For Mother’s Day everyone spoiled me with homemade cards & a delicious brunch, candy and presents and flowers. We spent a lot of time outside and Taylor very nicely played with Gwen at all the different playgrounds we went to which was a blessing because a) I was not physically well enough to join in and honestly probably shouldn’t have gone out at all, and b) after fourteen years of being a parent I really truly and honestly can’t stand playing at playgrounds. The last time I took Gwen to a playground by myself was over a month ago and I got into a yelling match with a woman because I told her rotten kid to stop trying to push Gwen down the metal stairs. I won’t get into it further than that except to say I WAS RIGHT AND SHE WAS WRONG. Anyway. I got to lie around on sun-dappled grass reading while he pushed her on swings and helped her navigate climbing structures and dig in sand and wood chips. Perfect division on labour imo.
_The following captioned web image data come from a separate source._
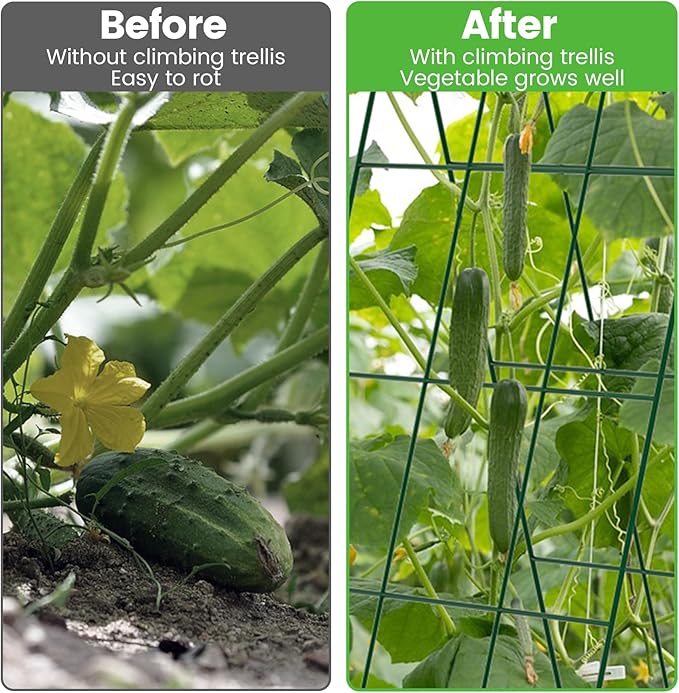 Foldable Cucumber Trellis - 2 Pack, A-Frame Garden Trellis 46" L x 18" W, Steel Climbing Plants Support Raised Bed Trellis with Twist Ties & Plant Bags for Climbing Plants Outdoor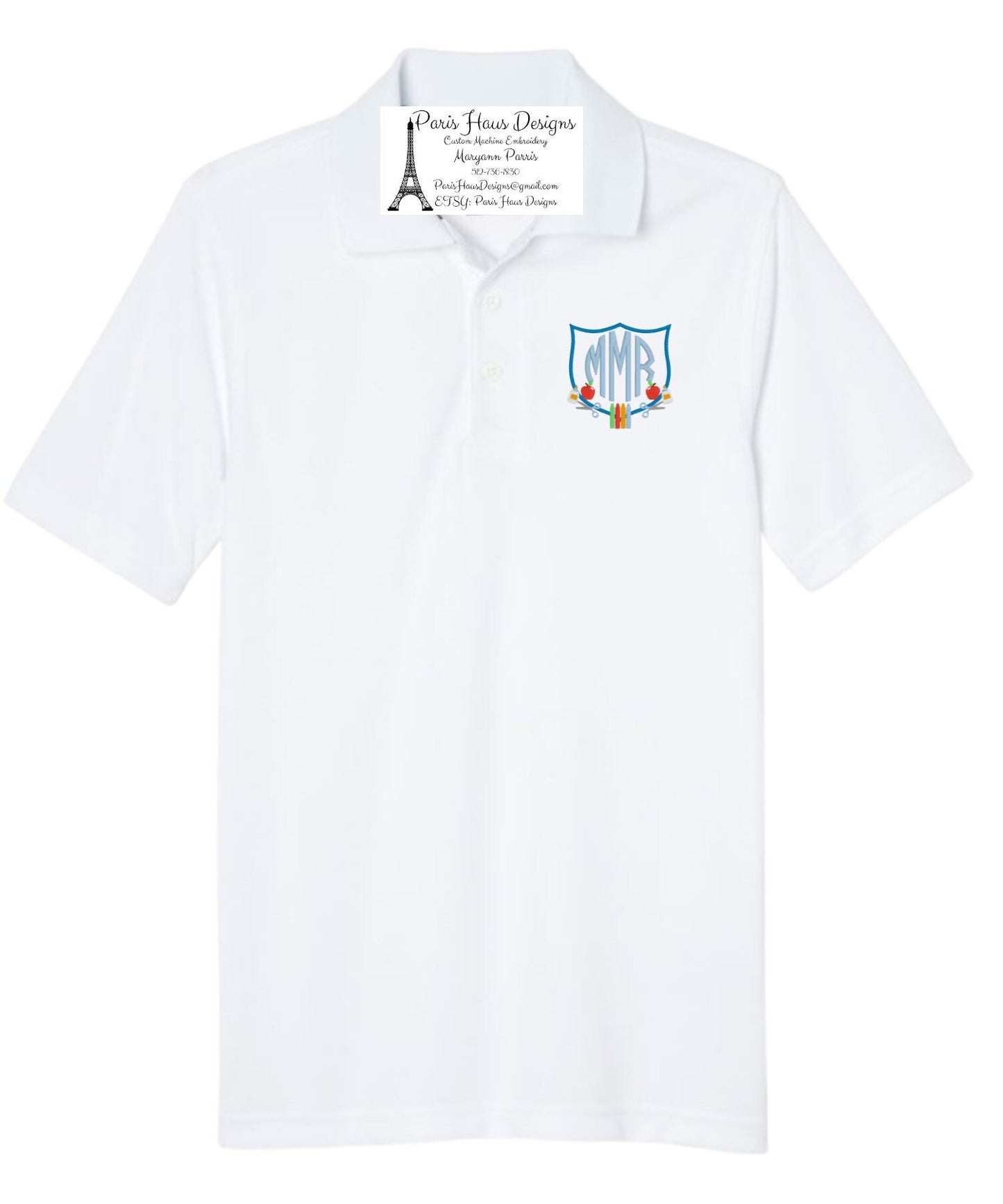Boys Apple Pencil Monogram Polo Design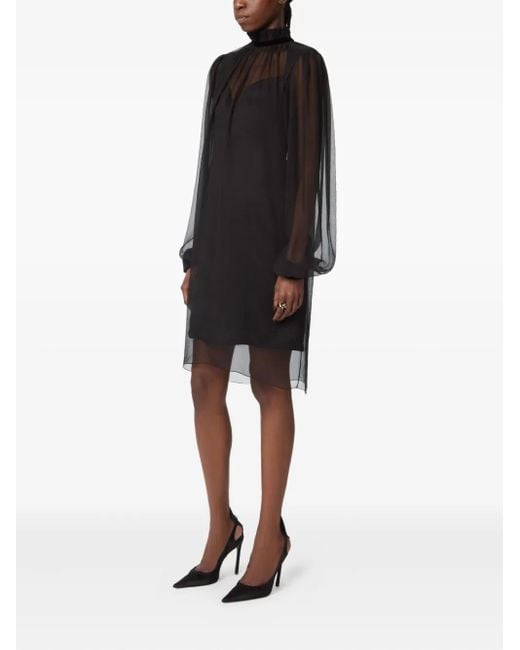princess polly baby blue dress Black Cotton Tunic Dress with Balloon Sleeves - Short Puff Sleeve Dress - Oversized Minimalist Tunic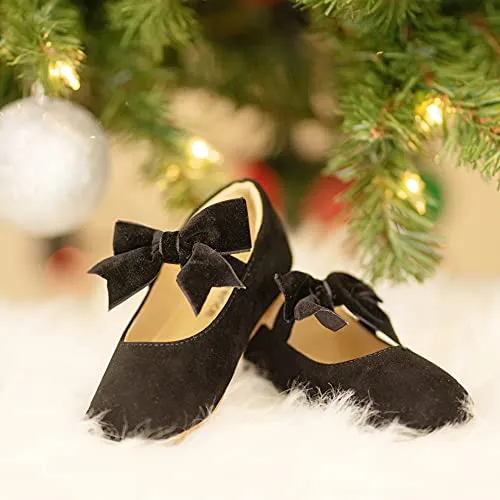 Kiderence Girls Flat Mary Jane Shoes Black F609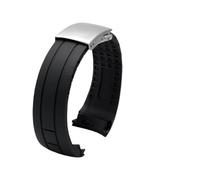 NKCVEZBW Cinturino in Gomma siliconica con estremità Curva Compatibile con Mido M005 Series M005.614/430 Helmsman Tissot T035 Citizen Sky Eagle Strap 22mm 23mm(Black-Silver,23mm)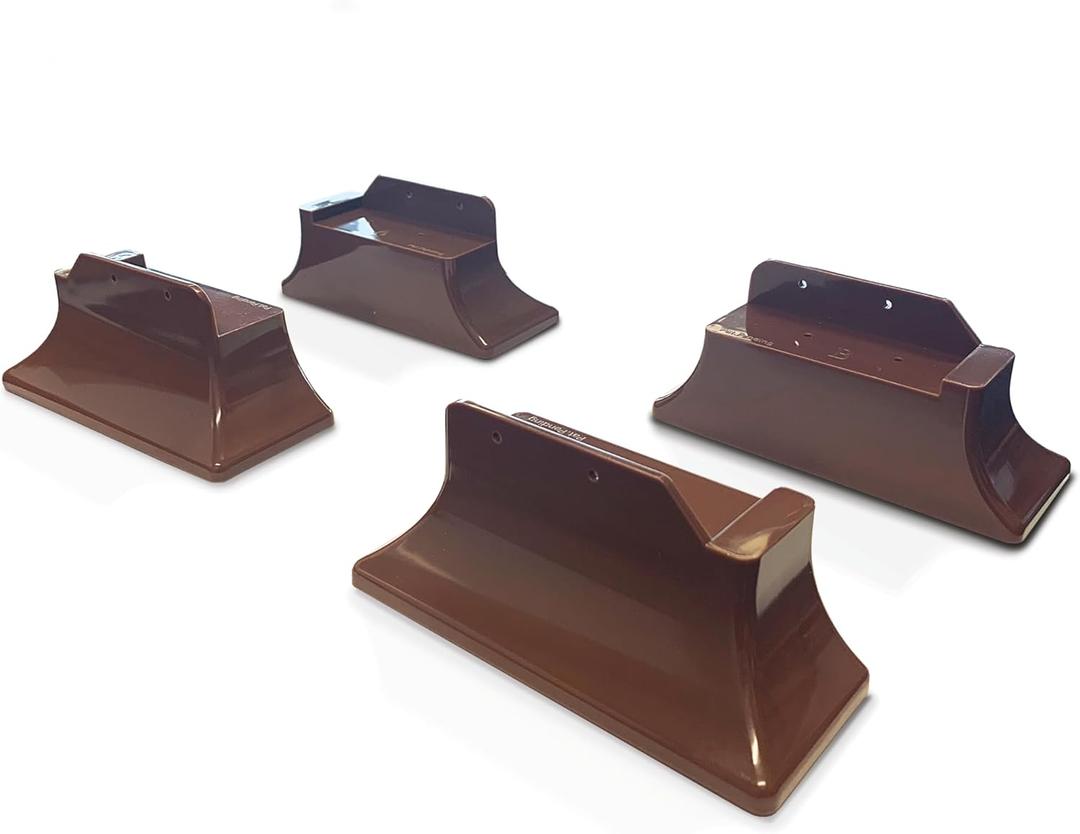 Stander Recliner Risers, Non-Slip Chair Lifters for Adults, Seniors, and Elderly, Low Profile Seat Raiser for Sitting and Standing Assistance, Compatible with Wooden Base Recliners, Set of 4, Brown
Symphony didn’t come out with us because she is a teen who prefers to do teen things and I find it makes everyone’s life easier when I don’t force her into family togetherness events. I know when I was a teen I didn’t want to do that kind of stuff all the time, so I made a rule that once a month she had to come with us without complaining and the rest of the time she could choose whether to come with or stay home. We did stop by to see her at her dad’s on the way to and from one of our outings, mostly so Gwen could give her hugs but also so I could be all mushy at her too. Sym really is a great kid, smart and funny and sweet and creative, and I feel pretty lucky to be her mom.

END MUSHINESS.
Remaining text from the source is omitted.